A project to restore the River Lark into a “lively river bustling with wildlife” has been recognised with a prestigious conservation award.

Spearheaded by the Bury St Edmunds Trout Club some nine years ago, the work has improved the flow of the water through West Stow Country Park, creating a better habitat for numerous species.

It won the medium-sized project category in the Wild Trout Trust – Thames Water Conservation Awards 2015, which recognise excellence in the management and conservation of wild trout habitat and celebrate the efforts of professionals and grassroots voluntary organisations.

Ian Hawkins, honorary fishery officer at the Bury Trout Club, said those involved in the project had also included the Environment Agency, Suffolk Wildlife Trust and the Wild Trout Trust.

He said: “It will benefit all the wildlife in the river and surrounding river from fish to insects, water voles, otters, everything.

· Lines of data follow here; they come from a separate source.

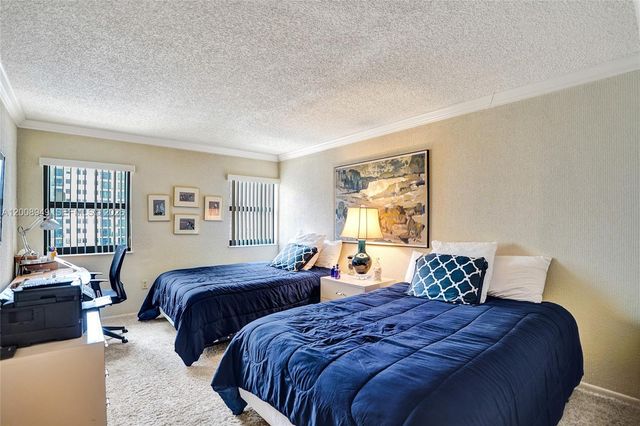 1201 S Ocean Dr 1905N, Hollywood, FL 33019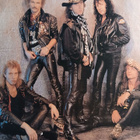 Scorpions : Best Of Rockers n` Ballads. - pikkukuva 1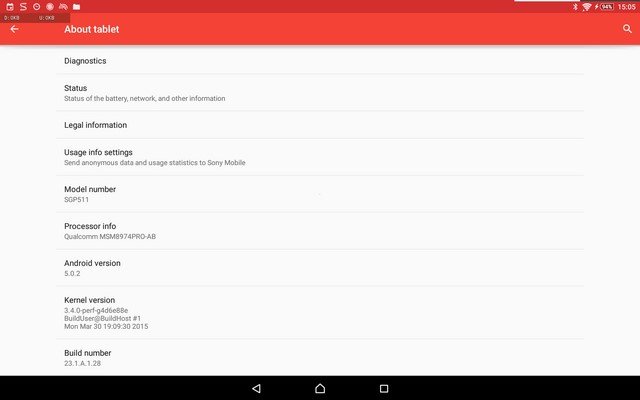 Xperia-Z2-Tablet-23.1.A.1.28-firmware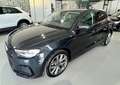 Audi A1 Sportback 30 1.0 tfsi Advanced-Admired s-tronic Gris - thumbnail 22
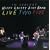 Live Two Five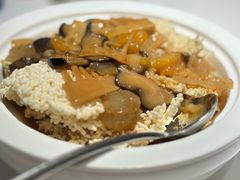 -飶香居(省博物馆店)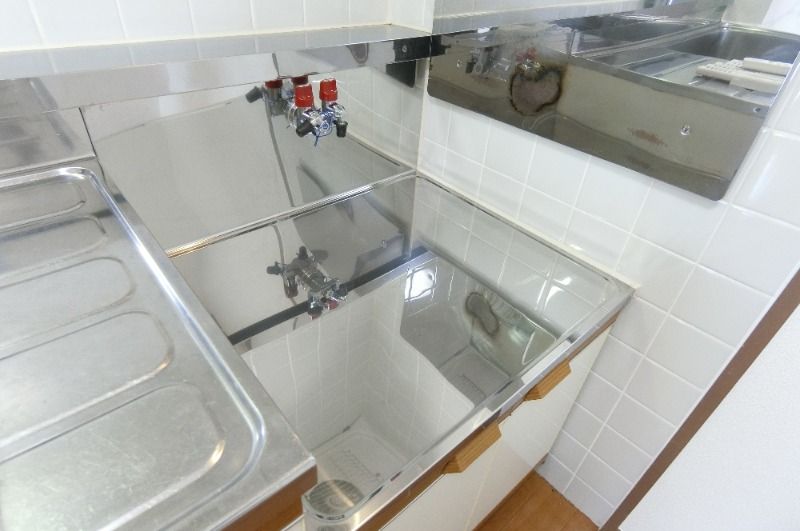 �y�L�b�`���z�@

It will greatly benefit the people who come to use the country park.

Now, instead of the river being a sluggish sort of canal, in the last two or three years while we have been doing the work, the phrase I use is the Lark is singing again.”

Mr Hawkins said the work involved reducing the width of the river and therefore increasing the flow, oxygenating the water and clearing the built-up silt.

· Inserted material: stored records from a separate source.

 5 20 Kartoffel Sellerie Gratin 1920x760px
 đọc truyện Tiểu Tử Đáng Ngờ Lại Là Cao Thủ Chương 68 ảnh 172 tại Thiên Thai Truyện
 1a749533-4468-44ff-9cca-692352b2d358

Major restoration work was carried out in September 2013 by the late Dr Nigel Holmes to narrow the river and then in April last year the club undertook planting on the newly-created gravel ridges at the edge of the Lark.

The award recognises the project for being “a story of sheer dogged determination, with Glenn Smithson [from the Bury Trout Club], Ian Hawkins and their supporters battling against widely-held views that what they were attempting (and have now achieved) was impossible”.

It said: “The result is the transformation of a straight, dredged channel into a sinuous, lively river bustling with wildlife.”

Mr Hawkins added: “We hope that this award will bring more visitors to the country park and that we might inspire and assist others along the Lark to improve their section of the river, particularly with the development of 1,250 new houses being built in Rushbrooke Lane. This is a fantastic opportunity for the developers to restore and protect the unmolested headwaters of the River Lark.”